_WHAT YOU SHOULD DO_
Your task is to transcribe the material that follows, line by line and exactly.

_DATA FOR THIS TASK_
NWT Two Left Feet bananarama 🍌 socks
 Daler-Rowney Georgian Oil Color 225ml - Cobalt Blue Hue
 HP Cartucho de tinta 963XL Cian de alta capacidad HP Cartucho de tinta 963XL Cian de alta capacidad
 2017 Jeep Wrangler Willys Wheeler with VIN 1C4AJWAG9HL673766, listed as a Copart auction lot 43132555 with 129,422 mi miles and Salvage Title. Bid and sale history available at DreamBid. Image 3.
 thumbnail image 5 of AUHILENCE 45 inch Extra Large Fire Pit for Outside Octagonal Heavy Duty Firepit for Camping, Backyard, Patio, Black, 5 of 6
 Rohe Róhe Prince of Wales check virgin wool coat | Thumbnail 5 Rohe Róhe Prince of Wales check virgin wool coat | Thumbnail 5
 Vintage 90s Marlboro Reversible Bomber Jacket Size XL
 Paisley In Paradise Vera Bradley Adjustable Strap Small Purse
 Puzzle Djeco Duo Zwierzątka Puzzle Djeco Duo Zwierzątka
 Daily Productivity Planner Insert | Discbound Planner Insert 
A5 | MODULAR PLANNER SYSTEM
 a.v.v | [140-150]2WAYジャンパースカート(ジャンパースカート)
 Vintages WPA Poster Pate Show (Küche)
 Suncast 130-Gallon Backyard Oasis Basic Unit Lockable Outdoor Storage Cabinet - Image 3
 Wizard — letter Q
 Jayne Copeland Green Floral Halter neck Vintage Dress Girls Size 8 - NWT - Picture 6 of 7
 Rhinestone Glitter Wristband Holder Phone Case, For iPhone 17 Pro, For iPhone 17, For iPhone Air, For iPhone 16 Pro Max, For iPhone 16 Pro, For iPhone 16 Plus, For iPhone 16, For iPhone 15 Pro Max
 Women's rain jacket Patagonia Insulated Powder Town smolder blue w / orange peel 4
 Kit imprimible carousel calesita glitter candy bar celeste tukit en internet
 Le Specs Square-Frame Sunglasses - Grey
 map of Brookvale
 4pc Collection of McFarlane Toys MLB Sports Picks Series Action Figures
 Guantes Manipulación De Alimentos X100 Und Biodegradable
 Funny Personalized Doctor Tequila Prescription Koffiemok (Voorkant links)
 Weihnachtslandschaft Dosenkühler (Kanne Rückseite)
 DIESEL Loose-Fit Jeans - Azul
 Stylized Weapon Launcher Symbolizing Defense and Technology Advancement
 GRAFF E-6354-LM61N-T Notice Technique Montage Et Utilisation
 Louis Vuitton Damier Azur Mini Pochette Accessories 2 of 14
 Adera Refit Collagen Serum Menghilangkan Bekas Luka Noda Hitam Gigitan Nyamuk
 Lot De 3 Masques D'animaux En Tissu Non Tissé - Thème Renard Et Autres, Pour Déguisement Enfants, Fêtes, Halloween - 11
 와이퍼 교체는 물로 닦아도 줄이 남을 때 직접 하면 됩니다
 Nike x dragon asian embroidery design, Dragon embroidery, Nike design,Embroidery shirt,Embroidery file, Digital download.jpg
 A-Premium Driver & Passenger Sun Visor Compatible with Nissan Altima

_ANSWER TO THIS EXERCISE_
NWT Two Left Feet bananarama 🍌 socks
 Daler-Rowney Georgian Oil Color 225ml - Cobalt Blue Hue
 HP Cartucho de tinta 963XL Cian de alta capacidad HP Cartucho de tinta 963XL Cian de alta capacidad
 2017 Jeep Wrangler Willys Wheeler with VIN 1C4AJWAG9HL673766, listed as a Copart auction lot 43132555 with 129,422 mi miles and Salvage Title. Bid and sale history available at DreamBid. Image 3.
 thumbnail image 5 of AUHILENCE 45 inch Extra Large Fire Pit for Outside Octagonal Heavy Duty Firepit for Camping, Backyard, Patio, Black, 5 of 6
 Rohe Róhe Prince of Wales check virgin wool coat | Thumbnail 5 Rohe Róhe Prince of Wales check virgin wool coat | Thumbnail 5
 Vintage 90s Marlboro Reversible Bomber Jacket Size XL
 Paisley In Paradise Vera Bradley Adjustable Strap Small Purse
 Puzzle Djeco Duo Zwierzątka Puzzle Djeco Duo Zwierzątka
 Daily Productivity Planner Insert | Discbound Planner Insert 
A5 | MODULAR PLANNER SYSTEM
 a.v.v | [140-150]2WAYジャンパースカート(ジャンパースカート)
 Vintages WPA Poster Pate Show (Küche)
 Suncast 130-Gallon Backyard Oasis Basic Unit Lockable Outdoor Storage Cabinet - Image 3
 Wizard — letter Q
 Jayne Copeland Green Floral Halter neck Vintage Dress Girls Size 8 - NWT - Picture 6 of 7
 Rhinestone Glitter Wristband Holder Phone Case, For iPhone 17 Pro, For iPhone 17, For iPhone Air, For iPhone 16 Pro Max, For iPhone 16 Pro, For iPhone 16 Plus, For iPhone 16, For iPhone 15 Pro Max
 Women's rain jacket Patagonia Insulated Powder Town smolder blue w / orange peel 4
 Kit imprimible carousel calesita glitter candy bar celeste tukit en internet
 Le Specs Square-Frame Sunglasses - Grey
 map of Brookvale
 4pc Collection of McFarlane Toys MLB Sports Picks Series Action Figures
 Guantes Manipulación De Alimentos X100 Und Biodegradable
 Funny Personalized Doctor Tequila Prescription Koffiemok (Voorkant links)
 Weihnachtslandschaft Dosenkühler (Kanne Rückseite)
 DIESEL Loose-Fit Jeans - Azul
 Stylized Weapon Launcher Symbolizing Defense and Technology Advancement
 GRAFF E-6354-LM61N-T Notice Technique Montage Et Utilisation
 Louis Vuitton Damier Azur Mini Pochette Accessories 2 of 14
 Adera Refit Collagen Serum Menghilangkan Bekas Luka Noda Hitam Gigitan Nyamuk
 Lot De 3 Masques D'animaux En Tissu Non Tissé - Thème Renard Et Autres, Pour Déguisement Enfants, Fêtes, Halloween - 11
 와이퍼 교체는 물로 닦아도 줄이 남을 때 직접 하면 됩니다
 Nike x dragon asian embroidery design, Dragon embroidery, Nike design,Embroidery shirt,Embroidery file, Digital download.jpg
 A-Premium Driver & Passenger Sun Visor Compatible with Nissan Altima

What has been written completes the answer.